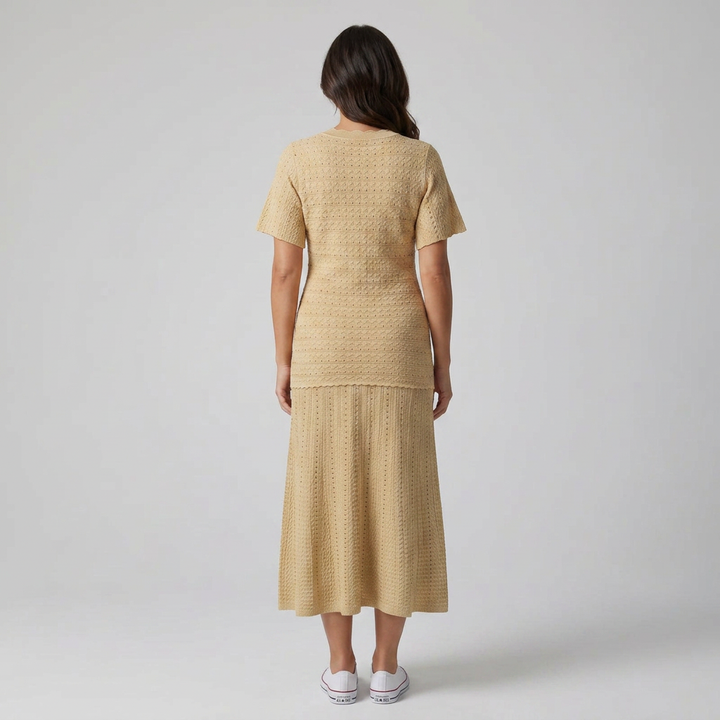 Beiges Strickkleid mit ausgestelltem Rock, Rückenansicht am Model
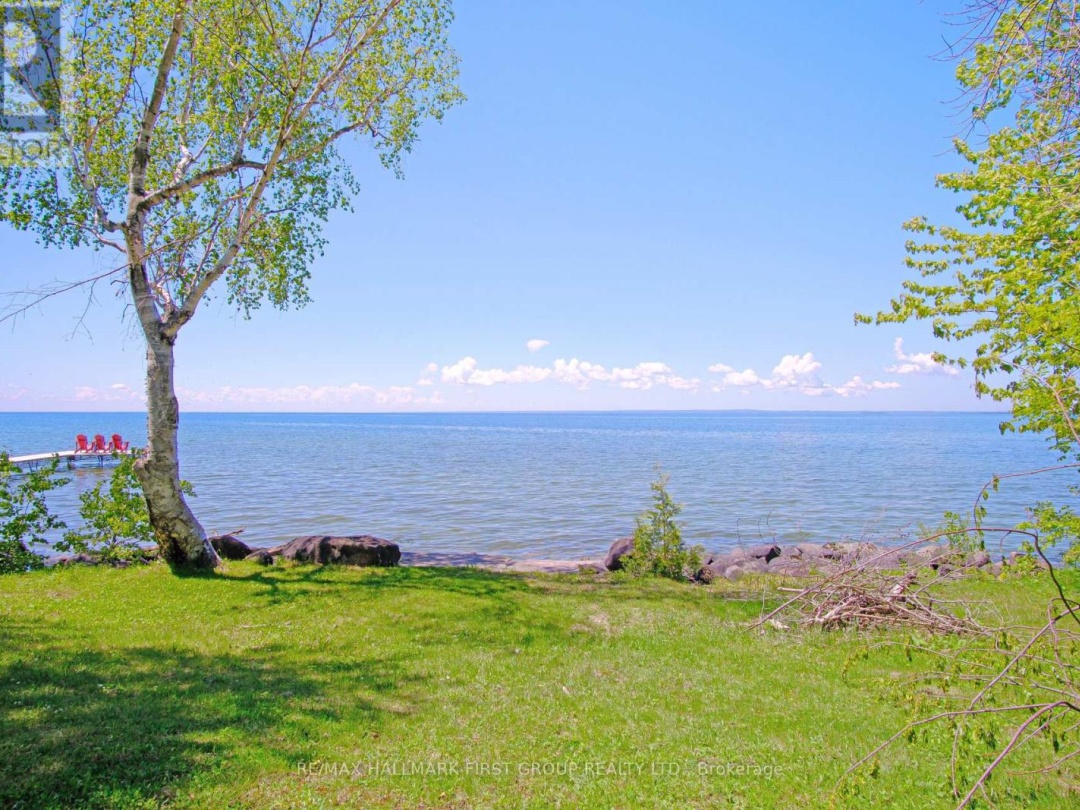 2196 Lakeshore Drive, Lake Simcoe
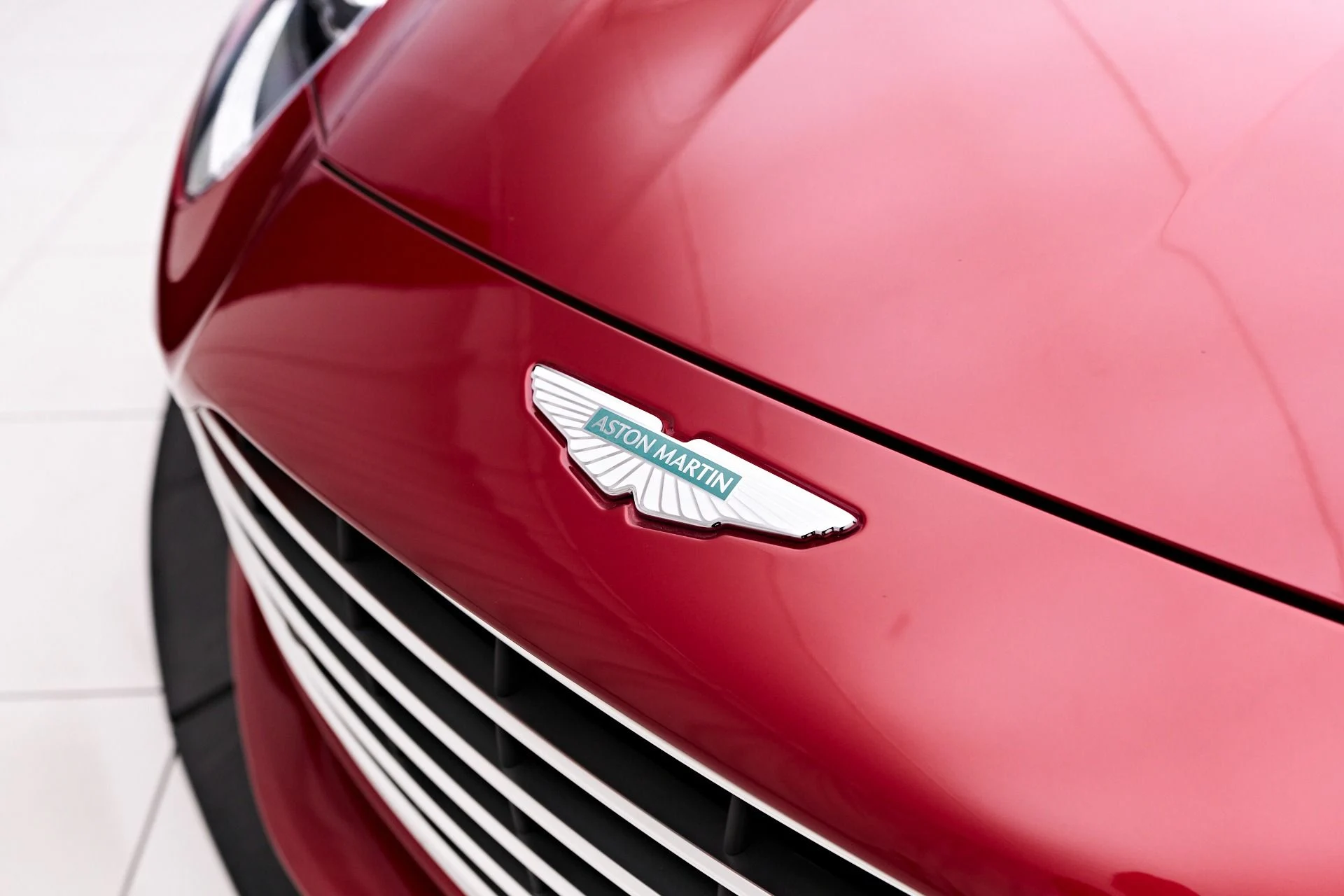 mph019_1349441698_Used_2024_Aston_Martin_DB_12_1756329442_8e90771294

PROBLEM TO WORK ON: What is needed is the whole listing again, set down exactly, without its pictures.

YOUR RESPONSE:
 Beiges Strickkleid mit ausgestelltem Rock, Rückenansicht am Model
 2196 Lakeshore Drive, Lake Simcoe
 mph019_1349441698_Used_2024_Aston_Martin_DB_12_1756329442_8e90771294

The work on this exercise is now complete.